#### REQUIRED WORK:
Copy each line below in which the string "Listing" appears.

#### DATA SUPPLIED:
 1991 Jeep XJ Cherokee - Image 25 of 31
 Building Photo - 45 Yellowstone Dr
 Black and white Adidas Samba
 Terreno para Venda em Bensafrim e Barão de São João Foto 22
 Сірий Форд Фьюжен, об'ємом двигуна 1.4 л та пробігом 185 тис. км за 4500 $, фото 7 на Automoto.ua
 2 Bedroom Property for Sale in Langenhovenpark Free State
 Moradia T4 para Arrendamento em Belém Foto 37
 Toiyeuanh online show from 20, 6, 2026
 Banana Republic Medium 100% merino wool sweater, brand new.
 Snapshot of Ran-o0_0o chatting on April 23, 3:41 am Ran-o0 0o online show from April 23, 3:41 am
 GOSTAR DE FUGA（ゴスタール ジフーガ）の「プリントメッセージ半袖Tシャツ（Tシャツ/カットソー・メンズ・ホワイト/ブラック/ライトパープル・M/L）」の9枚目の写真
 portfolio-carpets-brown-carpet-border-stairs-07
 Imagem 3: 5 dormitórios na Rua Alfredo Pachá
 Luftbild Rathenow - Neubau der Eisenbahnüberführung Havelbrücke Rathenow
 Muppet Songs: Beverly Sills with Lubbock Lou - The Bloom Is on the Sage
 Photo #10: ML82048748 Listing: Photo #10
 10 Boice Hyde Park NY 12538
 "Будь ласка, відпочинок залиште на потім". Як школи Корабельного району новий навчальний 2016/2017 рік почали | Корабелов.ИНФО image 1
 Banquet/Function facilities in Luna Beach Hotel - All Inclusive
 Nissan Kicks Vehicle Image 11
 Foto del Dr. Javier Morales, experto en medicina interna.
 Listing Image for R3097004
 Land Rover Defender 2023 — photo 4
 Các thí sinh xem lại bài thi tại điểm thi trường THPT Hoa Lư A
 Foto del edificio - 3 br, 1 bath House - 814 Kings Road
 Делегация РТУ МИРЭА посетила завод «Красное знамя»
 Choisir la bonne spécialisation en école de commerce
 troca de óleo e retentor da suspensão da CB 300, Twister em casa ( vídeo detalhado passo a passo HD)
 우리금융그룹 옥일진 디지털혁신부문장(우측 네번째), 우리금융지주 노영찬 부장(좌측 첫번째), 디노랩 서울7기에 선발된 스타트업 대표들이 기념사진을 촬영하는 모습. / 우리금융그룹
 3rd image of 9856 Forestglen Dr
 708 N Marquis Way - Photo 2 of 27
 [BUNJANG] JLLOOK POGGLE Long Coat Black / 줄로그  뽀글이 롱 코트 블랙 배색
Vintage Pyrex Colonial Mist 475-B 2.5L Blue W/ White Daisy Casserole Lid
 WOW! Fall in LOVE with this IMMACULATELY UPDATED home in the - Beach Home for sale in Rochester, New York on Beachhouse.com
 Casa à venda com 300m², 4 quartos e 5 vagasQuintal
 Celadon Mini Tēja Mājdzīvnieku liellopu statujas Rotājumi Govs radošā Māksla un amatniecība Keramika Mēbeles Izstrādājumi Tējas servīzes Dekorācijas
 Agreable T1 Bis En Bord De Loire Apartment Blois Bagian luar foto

#### ANSWER:
 Photo #10: ML82048748 Listing: Photo #10
 Listing Image for R3097004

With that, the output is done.